El huésped le cayó bien. Óscar era cinco años menor, y por un instante, una idea loca cruzó su mente:

—Si fuera más joven… Pero ya tengo cincuenta —y la idea se disipó.

Pronto compartían el té en el porche. Natalia aparecía, pero no se quedaba. Óscar la miraba con admiración.

—No puede ser —pensó Marisol—. Es guapo; debe ser mi soledad. Pero hay conexión; coincidimos en muchas cosas.

Óscar estacionó su coche allí, con permiso de Marisol, y un domingo propuso:

—¿Vamos a la ciudad? Al cine, a un café. Somos jóvenes y solteros —sonrió—. Es domingo.
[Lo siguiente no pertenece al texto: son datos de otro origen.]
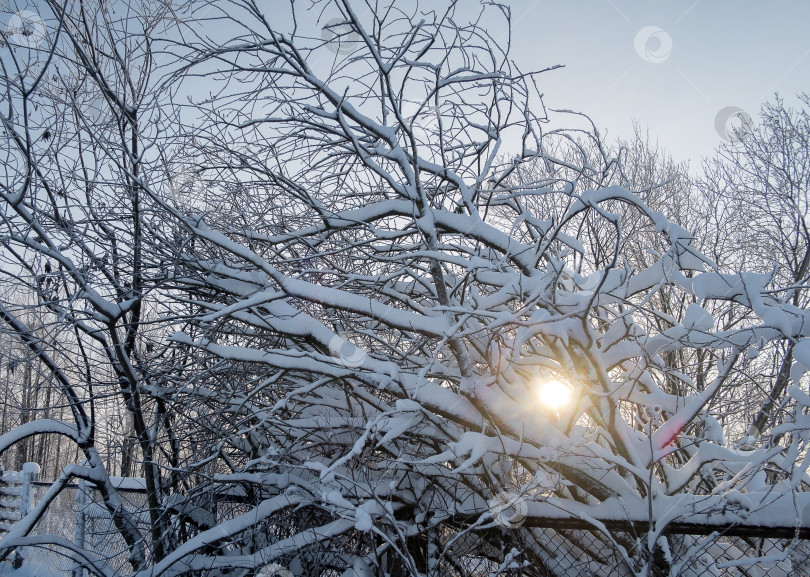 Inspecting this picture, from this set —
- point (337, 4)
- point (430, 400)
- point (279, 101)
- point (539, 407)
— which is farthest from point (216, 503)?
point (337, 4)

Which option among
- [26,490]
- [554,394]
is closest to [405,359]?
[554,394]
—Vamos —aceptó ella, sabiendo que él estaba divorciado.

El domingo fue perfecto. Repitieron. Los vecinos comentaban:

—Marisol tuvo suerte con ese huésped. Aunque ella es mayor. Él, siendo médico, encontrará una joven. ¿Para qué querría a una cincuentona?

HabUn día, mientras paseaban junto al río donde todo comenzó, Óscar tomó su mano y, con una sonrisa pícara, murmuró: “Marisolita, ¿sabes que los cerezos nuevos dan las mejores cerezas?”.